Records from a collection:
■ ■ ■ ■ ■

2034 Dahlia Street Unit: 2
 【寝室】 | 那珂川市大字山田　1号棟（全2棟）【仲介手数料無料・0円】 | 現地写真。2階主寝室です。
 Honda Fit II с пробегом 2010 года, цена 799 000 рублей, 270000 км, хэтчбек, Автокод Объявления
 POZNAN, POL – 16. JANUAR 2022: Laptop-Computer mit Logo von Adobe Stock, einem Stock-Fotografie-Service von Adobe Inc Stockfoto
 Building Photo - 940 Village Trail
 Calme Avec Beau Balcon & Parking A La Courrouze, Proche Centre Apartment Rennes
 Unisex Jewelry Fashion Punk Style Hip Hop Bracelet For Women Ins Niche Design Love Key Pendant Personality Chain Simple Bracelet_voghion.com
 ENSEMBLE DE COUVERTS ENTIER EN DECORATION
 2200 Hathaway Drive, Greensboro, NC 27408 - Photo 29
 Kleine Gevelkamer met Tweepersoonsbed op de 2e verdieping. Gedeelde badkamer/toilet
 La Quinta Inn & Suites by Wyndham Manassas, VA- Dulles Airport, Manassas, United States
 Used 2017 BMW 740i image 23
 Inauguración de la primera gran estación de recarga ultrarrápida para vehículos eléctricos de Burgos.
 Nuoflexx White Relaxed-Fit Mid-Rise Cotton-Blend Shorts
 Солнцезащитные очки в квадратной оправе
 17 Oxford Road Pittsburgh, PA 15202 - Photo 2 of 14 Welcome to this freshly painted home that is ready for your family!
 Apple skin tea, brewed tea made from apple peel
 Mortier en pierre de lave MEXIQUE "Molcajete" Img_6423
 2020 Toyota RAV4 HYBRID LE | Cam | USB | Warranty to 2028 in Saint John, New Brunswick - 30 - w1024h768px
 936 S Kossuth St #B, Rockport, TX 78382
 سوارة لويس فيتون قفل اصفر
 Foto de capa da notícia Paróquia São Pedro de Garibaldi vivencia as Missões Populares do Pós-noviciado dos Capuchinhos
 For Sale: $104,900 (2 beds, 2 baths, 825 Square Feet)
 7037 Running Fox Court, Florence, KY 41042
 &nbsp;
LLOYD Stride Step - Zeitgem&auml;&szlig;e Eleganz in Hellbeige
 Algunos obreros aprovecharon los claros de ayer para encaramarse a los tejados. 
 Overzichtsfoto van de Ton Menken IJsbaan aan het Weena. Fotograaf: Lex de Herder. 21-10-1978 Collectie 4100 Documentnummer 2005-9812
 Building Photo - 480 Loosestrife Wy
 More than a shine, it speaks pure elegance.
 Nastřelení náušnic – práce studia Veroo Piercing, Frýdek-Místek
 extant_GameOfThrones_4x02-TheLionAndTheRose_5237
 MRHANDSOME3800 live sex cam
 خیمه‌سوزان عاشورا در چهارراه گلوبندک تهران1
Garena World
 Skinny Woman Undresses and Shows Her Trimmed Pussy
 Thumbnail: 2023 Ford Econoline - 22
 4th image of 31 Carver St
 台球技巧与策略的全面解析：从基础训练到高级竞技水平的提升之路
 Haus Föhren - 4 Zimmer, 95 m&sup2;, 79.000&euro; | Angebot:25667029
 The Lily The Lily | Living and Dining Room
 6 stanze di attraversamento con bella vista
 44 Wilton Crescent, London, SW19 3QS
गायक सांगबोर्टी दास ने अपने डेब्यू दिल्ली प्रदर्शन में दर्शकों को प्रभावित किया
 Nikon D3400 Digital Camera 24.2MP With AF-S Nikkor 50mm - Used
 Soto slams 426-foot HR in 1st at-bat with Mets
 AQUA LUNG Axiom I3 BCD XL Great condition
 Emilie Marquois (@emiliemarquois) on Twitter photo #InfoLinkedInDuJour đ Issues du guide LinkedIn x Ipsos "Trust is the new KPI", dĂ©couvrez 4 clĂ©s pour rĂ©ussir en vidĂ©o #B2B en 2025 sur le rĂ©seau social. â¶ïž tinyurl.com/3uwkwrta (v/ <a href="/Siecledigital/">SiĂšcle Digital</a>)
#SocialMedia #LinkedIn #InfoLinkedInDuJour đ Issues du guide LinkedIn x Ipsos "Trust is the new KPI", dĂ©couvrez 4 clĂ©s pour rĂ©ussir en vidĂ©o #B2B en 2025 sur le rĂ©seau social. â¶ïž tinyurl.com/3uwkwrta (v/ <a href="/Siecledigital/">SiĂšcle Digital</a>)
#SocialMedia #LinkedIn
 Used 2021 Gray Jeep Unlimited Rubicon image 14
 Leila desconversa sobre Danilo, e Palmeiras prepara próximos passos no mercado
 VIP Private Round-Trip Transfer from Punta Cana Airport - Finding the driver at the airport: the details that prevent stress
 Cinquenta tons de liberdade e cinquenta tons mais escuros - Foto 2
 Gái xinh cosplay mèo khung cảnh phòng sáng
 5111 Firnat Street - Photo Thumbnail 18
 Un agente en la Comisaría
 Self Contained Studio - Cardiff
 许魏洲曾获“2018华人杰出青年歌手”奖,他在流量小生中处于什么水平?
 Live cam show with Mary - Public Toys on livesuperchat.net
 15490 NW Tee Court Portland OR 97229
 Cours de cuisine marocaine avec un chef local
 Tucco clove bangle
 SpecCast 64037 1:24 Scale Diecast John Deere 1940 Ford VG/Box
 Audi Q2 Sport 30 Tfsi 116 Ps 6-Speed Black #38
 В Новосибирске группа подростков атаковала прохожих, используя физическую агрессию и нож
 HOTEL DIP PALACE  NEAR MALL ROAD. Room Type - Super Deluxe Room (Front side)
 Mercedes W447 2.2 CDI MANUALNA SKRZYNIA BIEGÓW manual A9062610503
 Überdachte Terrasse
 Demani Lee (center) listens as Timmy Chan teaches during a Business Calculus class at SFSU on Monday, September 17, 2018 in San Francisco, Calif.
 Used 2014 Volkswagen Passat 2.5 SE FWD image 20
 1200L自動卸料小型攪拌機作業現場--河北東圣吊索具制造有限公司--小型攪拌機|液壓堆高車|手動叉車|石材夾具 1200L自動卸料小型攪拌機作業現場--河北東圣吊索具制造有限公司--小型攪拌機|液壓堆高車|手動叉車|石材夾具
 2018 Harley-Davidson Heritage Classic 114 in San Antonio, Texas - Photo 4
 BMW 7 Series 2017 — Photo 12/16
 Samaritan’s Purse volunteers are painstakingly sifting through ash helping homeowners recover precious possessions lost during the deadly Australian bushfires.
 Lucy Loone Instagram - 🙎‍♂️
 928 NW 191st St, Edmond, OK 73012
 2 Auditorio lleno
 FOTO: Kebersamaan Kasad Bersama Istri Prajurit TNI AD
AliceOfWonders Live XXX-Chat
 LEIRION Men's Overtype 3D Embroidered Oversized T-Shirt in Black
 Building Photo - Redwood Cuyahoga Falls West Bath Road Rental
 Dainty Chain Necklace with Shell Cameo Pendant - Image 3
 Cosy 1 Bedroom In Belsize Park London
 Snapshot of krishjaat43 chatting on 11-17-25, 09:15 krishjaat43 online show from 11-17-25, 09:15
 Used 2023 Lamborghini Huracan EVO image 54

■ ■ ■ ■ ■

» **What you should do**
Could you return every record above exactly as written?

» **Result**
2034 Dahlia Street Unit: 2
 【寝室】 | 那珂川市大字山田　1号棟（全2棟）【仲介手数料無料・0円】 | 現地写真。2階主寝室です。
 Honda Fit II с пробегом 2010 года, цена 799 000 рублей, 270000 км, хэтчбек, Автокод Объявления
 POZNAN, POL – 16. JANUAR 2022: Laptop-Computer mit Logo von Adobe Stock, einem Stock-Fotografie-Service von Adobe Inc Stockfoto
 Building Photo - 940 Village Trail
 Calme Avec Beau Balcon & Parking A La Courrouze, Proche Centre Apartment Rennes
 Unisex Jewelry Fashion Punk Style Hip Hop Bracelet For Women Ins Niche Design Love Key Pendant Personality Chain Simple Bracelet_voghion.com
 ENSEMBLE DE COUVERTS ENTIER EN DECORATION
 2200 Hathaway Drive, Greensboro, NC 27408 - Photo 29
 Kleine Gevelkamer met Tweepersoonsbed op de 2e verdieping. Gedeelde badkamer/toilet
 La Quinta Inn & Suites by Wyndham Manassas, VA- Dulles Airport, Manassas, United States
 Used 2017 BMW 740i image 23
 Inauguración de la primera gran estación de recarga ultrarrápida para vehículos eléctricos de Burgos.
 Nuoflexx White Relaxed-Fit Mid-Rise Cotton-Blend Shorts
 Солнцезащитные очки в квадратной оправе
 17 Oxford Road Pittsburgh, PA 15202 - Photo 2 of 14 Welcome to this freshly painted home that is ready for your family!
 Apple skin tea, brewed tea made from apple peel
 Mortier en pierre de lave MEXIQUE "Molcajete" Img_6423
 2020 Toyota RAV4 HYBRID LE | Cam | USB | Warranty to 2028 in Saint John, New Brunswick - 30 - w1024h768px
 936 S Kossuth St #B, Rockport, TX 78382
 سوارة لويس فيتون قفل اصفر
 Foto de capa da notícia Paróquia São Pedro de Garibaldi vivencia as Missões Populares do Pós-noviciado dos Capuchinhos
 For Sale: $104,900 (2 beds, 2 baths, 825 Square Feet)
 7037 Running Fox Court, Florence, KY 41042
 &nbsp;
LLOYD Stride Step - Zeitgem&auml;&szlig;e Eleganz in Hellbeige
 Algunos obreros aprovecharon los claros de ayer para encaramarse a los tejados. 
 Overzichtsfoto van de Ton Menken IJsbaan aan het Weena. Fotograaf: Lex de Herder. 21-10-1978 Collectie 4100 Documentnummer 2005-9812
 Building Photo - 480 Loosestrife Wy
 More than a shine, it speaks pure elegance.
 Nastřelení náušnic – práce studia Veroo Piercing, Frýdek-Místek
 extant_GameOfThrones_4x02-TheLionAndTheRose_5237
 MRHANDSOME3800 live sex cam
 خیمه‌سوزان عاشورا در چهارراه گلوبندک تهران1
Garena World
 Skinny Woman Undresses and Shows Her Trimmed Pussy
 Thumbnail: 2023 Ford Econoline - 22
 4th image of 31 Carver St
 台球技巧与策略的全面解析：从基础训练到高级竞技水平的提升之路
 Haus Föhren - 4 Zimmer, 95 m&sup2;, 79.000&euro; | Angebot:25667029
 The Lily The Lily | Living and Dining Room
 6 stanze di attraversamento con bella vista
 44 Wilton Crescent, London, SW19 3QS
गायक सांगबोर्टी दास ने अपने डेब्यू दिल्ली प्रदर्शन में दर्शकों को प्रभावित किया
 Nikon D3400 Digital Camera 24.2MP With AF-S Nikkor 50mm - Used
 Soto slams 426-foot HR in 1st at-bat with Mets
 AQUA LUNG Axiom I3 BCD XL Great condition
 Emilie Marquois (@emiliemarquois) on Twitter photo #InfoLinkedInDuJour đ Issues du guide LinkedIn x Ipsos "Trust is the new KPI", dĂ©couvrez 4 clĂ©s pour rĂ©ussir en vidĂ©o #B2B en 2025 sur le rĂ©seau social. â¶ïž tinyurl.com/3uwkwrta (v/ <a href="/Siecledigital/">SiĂšcle Digital</a>)
#SocialMedia #LinkedIn #InfoLinkedInDuJour đ Issues du guide LinkedIn x Ipsos "Trust is the new KPI", dĂ©couvrez 4 clĂ©s pour rĂ©ussir en vidĂ©o #B2B en 2025 sur le rĂ©seau social. â¶ïž tinyurl.com/3uwkwrta (v/ <a href="/Siecledigital/">SiĂšcle Digital</a>)
#SocialMedia #LinkedIn
 Used 2021 Gray Jeep Unlimited Rubicon image 14
 Leila desconversa sobre Danilo, e Palmeiras prepara próximos passos no mercado
 VIP Private Round-Trip Transfer from Punta Cana Airport - Finding the driver at the airport: the details that prevent stress
 Cinquenta tons de liberdade e cinquenta tons mais escuros - Foto 2
 Gái xinh cosplay mèo khung cảnh phòng sáng
 5111 Firnat Street - Photo Thumbnail 18
 Un agente en la Comisaría
 Self Contained Studio - Cardiff
 许魏洲曾获“2018华人杰出青年歌手”奖,他在流量小生中处于什么水平?
 Live cam show with Mary - Public Toys on livesuperchat.net
 15490 NW Tee Court Portland OR 97229
 Cours de cuisine marocaine avec un chef local
 Tucco clove bangle
 SpecCast 64037 1:24 Scale Diecast John Deere 1940 Ford VG/Box
 Audi Q2 Sport 30 Tfsi 116 Ps 6-Speed Black #38
 В Новосибирске группа подростков атаковала прохожих, используя физическую агрессию и нож
 HOTEL DIP PALACE  NEAR MALL ROAD. Room Type - Super Deluxe Room (Front side)
 Mercedes W447 2.2 CDI MANUALNA SKRZYNIA BIEGÓW manual A9062610503
 Überdachte Terrasse
 Demani Lee (center) listens as Timmy Chan teaches during a Business Calculus class at SFSU on Monday, September 17, 2018 in San Francisco, Calif.
 Used 2014 Volkswagen Passat 2.5 SE FWD image 20
 1200L自動卸料小型攪拌機作業現場--河北東圣吊索具制造有限公司--小型攪拌機|液壓堆高車|手動叉車|石材夾具 1200L自動卸料小型攪拌機作業現場--河北東圣吊索具制造有限公司--小型攪拌機|液壓堆高車|手動叉車|石材夾具
 2018 Harley-Davidson Heritage Classic 114 in San Antonio, Texas - Photo 4
 BMW 7 Series 2017 — Photo 12/16
 Samaritan’s Purse volunteers are painstakingly sifting through ash helping homeowners recover precious possessions lost during the deadly Australian bushfires.
 Lucy Loone Instagram - 🙎‍♂️
 928 NW 191st St, Edmond, OK 73012
 2 Auditorio lleno
 FOTO: Kebersamaan Kasad Bersama Istri Prajurit TNI AD
AliceOfWonders Live XXX-Chat
 LEIRION Men's Overtype 3D Embroidered Oversized T-Shirt in Black
 Building Photo - Redwood Cuyahoga Falls West Bath Road Rental
 Dainty Chain Necklace with Shell Cameo Pendant - Image 3
 Cosy 1 Bedroom In Belsize Park London
 Snapshot of krishjaat43 chatting on 11-17-25, 09:15 krishjaat43 online show from 11-17-25, 09:15
 Used 2023 Lamborghini Huracan EVO image 54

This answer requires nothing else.